近代铁路技术向中国的转移—以胶济铁路为例 [Modern Railway Technology Transfer to China: The Case of Kiaotsi Railway, 1898–1914]

Volume 10, Issue 2

In recent decades, a number of books and papers have been published on the history of the construction and operation of the Kiaotsi Railway (Jiaoji tielu 胶济铁路) and its impact on the economy and society of Shandong. A new monograph by Wang Bin, Modern Railway Technology Transfer to China: The Case of Kiaotsi Railway, 1898-1914, with its perspective on technology transfer and reference to German-language materials, is one of the latest examples of such fruitful research. The Kiaotsi Railway connects Qingdao (a harbor by Jiaozhou Bay) and Jinan (the capital of Shandong Province), traversing most of the province from east to west. The railway was built by the Germans from 1899 to 1904. The Shandong city of Gaomi, past which the Kiaotsi Railway runs, was the hometown of the Chinese novelist Mo Yan, who won the Nobel Prize for literature in October 2012. Mo's stories, said to merge folk tales, history, and the contemporary with magic realism, sometimes take place against the backdrop of the railway.

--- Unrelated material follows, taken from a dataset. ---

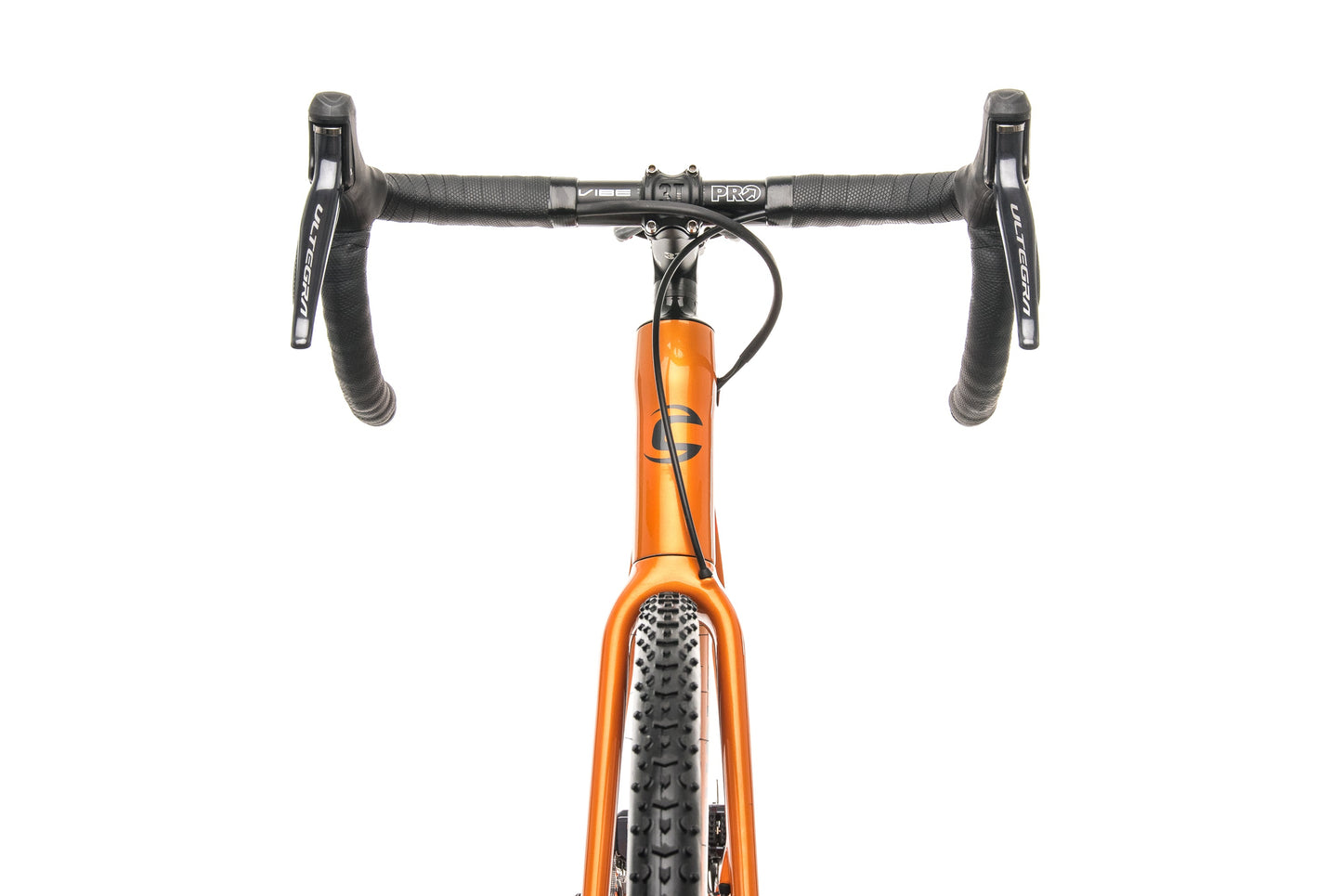  Cannondale SuperX Cyclocross Bike - 2019, Large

Why did the Germans choose to build a branch line in Shandong rather than a main line in the hinterland when they came to China? From a macroscopic perspective, Germany was a relative latecomer to the imperialist scramble for colonies across the globe in general, and in China in particular, and could therefore only develop in territories not yet encroached upon by Britain, France, America, Russia, and the other great powers of the time. From a microscopic perspective, the German navy desired to compete with Britain's Royal Navy for supremacy and to seek a suitable foothold on the coast in North China, where Qingdao was the ideal choice.